Secondo informazioni pubblicate dal periodico Girón sulla sua pagina di Facebook, la commercializzazione è organizzata per consumatori: le famiglie di fino a tre persone possono acquistare due libbre, mentre quelle con quattro o più membri hanno diritto a quattro libbre, a un prezzo di 280 pesos (CUP) per libbra.
Il prezzo, sebbene più economico rispetto a quello imposto dal settore privato, è molto lontano dalla portata delle famiglie con bilanci esigui, in particolare per i pensionati.
Il prodotto viene distribuito in punti abilitati nelle aree urbane e nelle comunità, e il pagamento avviene in modo digitale, mentre le bodegas informano la popolazione sui giorni di vendita in base alla disponibilità.

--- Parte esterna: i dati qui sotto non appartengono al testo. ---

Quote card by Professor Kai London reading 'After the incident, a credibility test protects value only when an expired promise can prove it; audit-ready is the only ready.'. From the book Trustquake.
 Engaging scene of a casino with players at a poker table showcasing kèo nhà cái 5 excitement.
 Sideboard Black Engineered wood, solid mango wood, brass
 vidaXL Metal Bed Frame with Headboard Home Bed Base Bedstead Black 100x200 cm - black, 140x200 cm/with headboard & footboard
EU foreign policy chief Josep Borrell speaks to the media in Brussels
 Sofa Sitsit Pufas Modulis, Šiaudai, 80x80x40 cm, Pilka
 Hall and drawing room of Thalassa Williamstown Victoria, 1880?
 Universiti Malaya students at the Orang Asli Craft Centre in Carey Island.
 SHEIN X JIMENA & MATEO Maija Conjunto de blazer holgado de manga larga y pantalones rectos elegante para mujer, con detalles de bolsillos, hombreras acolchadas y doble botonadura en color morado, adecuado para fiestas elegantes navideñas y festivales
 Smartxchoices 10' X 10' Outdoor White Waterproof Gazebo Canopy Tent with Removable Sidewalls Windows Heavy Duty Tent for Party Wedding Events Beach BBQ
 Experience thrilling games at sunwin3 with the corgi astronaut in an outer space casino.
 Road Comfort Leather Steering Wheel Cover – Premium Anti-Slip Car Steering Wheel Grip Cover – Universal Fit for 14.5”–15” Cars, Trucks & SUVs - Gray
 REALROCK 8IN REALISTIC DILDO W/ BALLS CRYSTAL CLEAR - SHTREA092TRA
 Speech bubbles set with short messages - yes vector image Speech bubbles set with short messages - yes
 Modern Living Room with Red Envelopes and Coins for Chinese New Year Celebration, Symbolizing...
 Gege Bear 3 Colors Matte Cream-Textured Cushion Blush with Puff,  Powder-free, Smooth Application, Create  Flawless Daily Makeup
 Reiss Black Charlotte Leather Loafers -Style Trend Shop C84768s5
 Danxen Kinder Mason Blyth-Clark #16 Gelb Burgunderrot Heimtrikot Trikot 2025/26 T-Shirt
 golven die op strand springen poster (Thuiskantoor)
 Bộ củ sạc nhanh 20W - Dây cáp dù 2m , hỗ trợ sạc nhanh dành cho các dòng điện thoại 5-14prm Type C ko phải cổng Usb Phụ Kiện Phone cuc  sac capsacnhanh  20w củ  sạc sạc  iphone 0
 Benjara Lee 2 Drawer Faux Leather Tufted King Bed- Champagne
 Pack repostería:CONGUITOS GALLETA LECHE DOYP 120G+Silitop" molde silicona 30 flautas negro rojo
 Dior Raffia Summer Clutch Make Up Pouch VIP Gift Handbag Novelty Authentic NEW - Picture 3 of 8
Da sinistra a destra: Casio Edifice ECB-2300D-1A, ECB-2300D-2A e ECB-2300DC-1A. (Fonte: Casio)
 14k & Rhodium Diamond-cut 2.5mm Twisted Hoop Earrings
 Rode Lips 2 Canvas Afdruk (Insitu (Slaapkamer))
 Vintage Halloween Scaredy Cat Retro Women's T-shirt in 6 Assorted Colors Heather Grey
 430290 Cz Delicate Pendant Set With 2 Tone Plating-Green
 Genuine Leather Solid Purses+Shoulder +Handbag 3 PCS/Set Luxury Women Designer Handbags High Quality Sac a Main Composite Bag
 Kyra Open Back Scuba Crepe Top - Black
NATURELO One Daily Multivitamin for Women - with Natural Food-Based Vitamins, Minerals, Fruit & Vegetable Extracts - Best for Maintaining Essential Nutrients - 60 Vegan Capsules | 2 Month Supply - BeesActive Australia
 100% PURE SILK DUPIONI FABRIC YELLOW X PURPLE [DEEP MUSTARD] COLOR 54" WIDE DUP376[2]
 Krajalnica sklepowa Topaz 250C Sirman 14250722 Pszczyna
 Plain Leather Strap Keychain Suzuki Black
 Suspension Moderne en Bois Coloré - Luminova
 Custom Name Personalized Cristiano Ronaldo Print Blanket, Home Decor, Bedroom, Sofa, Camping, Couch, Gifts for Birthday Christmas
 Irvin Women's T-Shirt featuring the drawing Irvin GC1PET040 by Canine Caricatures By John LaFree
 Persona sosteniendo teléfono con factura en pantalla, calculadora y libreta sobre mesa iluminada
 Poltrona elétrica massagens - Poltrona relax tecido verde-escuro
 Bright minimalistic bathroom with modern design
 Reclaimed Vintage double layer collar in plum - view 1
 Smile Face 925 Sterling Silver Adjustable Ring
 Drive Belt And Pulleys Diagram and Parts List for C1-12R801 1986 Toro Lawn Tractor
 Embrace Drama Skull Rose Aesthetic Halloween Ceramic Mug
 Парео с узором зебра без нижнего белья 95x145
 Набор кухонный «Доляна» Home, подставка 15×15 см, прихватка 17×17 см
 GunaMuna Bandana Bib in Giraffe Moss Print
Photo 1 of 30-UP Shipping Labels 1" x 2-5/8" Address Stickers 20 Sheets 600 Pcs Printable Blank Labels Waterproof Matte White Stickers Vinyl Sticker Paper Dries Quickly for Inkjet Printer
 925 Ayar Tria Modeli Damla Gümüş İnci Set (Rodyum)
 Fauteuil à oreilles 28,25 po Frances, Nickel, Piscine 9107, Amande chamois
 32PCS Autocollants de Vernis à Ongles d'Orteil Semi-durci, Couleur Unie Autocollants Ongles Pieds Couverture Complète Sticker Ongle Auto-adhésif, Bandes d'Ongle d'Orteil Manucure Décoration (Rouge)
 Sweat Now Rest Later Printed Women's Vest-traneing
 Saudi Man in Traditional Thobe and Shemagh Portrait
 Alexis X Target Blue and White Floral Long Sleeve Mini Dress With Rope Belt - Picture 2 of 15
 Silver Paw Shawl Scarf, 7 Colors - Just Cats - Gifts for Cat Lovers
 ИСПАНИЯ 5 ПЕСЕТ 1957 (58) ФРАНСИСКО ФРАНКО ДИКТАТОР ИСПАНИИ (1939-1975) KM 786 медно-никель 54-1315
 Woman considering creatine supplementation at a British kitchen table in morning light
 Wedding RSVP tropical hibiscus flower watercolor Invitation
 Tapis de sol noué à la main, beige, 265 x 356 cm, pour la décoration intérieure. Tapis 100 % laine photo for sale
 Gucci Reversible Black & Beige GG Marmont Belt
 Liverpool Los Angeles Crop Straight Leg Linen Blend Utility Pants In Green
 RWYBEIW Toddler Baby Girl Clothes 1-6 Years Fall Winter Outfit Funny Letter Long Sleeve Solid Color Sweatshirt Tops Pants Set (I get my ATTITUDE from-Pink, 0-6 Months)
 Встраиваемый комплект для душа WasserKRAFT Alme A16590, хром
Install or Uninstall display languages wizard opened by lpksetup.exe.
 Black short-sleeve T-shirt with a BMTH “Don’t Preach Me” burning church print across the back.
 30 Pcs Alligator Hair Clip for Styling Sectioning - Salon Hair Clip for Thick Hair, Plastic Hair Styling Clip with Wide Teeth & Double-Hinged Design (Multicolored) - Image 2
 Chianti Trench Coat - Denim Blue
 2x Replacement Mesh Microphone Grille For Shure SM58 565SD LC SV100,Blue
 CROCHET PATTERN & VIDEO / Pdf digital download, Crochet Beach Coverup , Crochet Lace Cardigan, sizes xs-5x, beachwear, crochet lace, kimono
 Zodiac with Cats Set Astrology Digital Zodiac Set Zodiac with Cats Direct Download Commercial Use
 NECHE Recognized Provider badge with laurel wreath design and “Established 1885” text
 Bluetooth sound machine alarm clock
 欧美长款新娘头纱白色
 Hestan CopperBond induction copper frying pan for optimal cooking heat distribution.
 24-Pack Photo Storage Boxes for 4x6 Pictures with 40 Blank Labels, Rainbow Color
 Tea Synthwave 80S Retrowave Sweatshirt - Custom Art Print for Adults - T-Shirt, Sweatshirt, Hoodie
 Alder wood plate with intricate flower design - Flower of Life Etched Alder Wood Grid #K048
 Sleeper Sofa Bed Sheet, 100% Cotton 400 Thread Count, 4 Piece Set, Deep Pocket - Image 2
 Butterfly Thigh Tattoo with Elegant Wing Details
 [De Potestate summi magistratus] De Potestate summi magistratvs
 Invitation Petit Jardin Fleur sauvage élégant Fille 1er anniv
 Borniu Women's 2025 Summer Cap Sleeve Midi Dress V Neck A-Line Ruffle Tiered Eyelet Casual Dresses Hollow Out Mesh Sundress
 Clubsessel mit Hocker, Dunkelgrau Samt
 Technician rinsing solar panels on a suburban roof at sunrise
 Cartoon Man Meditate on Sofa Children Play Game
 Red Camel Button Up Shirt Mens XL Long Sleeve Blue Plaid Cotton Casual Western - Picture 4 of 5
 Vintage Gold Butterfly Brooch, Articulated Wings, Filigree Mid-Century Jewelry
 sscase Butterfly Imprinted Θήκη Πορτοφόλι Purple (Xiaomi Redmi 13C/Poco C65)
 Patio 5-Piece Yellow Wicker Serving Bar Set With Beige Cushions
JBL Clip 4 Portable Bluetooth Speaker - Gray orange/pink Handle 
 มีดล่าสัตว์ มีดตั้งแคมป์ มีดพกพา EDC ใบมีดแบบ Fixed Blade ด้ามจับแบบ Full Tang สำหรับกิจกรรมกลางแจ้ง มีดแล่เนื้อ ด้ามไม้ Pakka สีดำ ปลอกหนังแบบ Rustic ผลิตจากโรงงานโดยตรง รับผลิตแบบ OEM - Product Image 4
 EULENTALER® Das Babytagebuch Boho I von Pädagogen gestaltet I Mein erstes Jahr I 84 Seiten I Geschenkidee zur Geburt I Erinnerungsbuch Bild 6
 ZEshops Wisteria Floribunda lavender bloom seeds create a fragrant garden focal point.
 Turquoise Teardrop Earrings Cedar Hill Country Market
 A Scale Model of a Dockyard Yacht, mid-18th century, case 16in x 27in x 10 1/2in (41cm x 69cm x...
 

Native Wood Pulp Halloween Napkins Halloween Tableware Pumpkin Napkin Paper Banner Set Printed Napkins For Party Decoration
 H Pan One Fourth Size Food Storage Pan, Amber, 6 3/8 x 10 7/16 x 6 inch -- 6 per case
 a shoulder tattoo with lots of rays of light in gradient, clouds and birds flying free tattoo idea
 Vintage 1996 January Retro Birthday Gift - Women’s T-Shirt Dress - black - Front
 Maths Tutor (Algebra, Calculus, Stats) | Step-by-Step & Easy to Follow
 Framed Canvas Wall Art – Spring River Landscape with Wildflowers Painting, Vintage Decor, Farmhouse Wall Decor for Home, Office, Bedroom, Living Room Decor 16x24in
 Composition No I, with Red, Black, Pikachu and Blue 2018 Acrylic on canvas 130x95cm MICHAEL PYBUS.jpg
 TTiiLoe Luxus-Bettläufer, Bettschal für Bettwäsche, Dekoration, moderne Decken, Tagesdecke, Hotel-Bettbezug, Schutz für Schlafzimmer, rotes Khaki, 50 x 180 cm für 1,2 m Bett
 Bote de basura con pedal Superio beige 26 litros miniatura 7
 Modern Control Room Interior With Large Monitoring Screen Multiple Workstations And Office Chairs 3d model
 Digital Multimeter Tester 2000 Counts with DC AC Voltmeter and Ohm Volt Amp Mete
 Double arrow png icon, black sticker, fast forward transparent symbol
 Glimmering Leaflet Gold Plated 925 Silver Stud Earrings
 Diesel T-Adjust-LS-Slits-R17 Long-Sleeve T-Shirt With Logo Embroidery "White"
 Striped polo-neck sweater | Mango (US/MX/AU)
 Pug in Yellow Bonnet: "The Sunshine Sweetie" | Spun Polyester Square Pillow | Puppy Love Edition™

La misura si basa sulla produzione locale di cooperative e contadini, nel tentativo di garantire l'accesso a un alimento di base e ridurre la dipendenza da forniture esterne.
Tuttavia, l'alto prezzo dei fagioli rappresenta una sfida per molte famiglie, in un contesto caratterizzato da salari bassi, inflazione e difficoltà nell'accesso ai prodotti essenziali sull'isola.
In questo senso, il regime cubano ha iniziato a commercializzare fagioli di produzione nazionale a 285 pesos cubani (CUP) la libbra nel municipio di Güira de Melena, Artemisa, in mezzo alla persistente crisi di approvvigionamento alimentare nel paese.
Secondo informazioni diffuse dalle autorità locali, il prodotto sarà distribuito gradualmente con un'assegnazione iniziale di due libbre per nucleo familiare.
La vendita avviene sotto il controllo statale per limitare la quantità per acquirente e viene effettuata in magazzini di diverse zone del comune.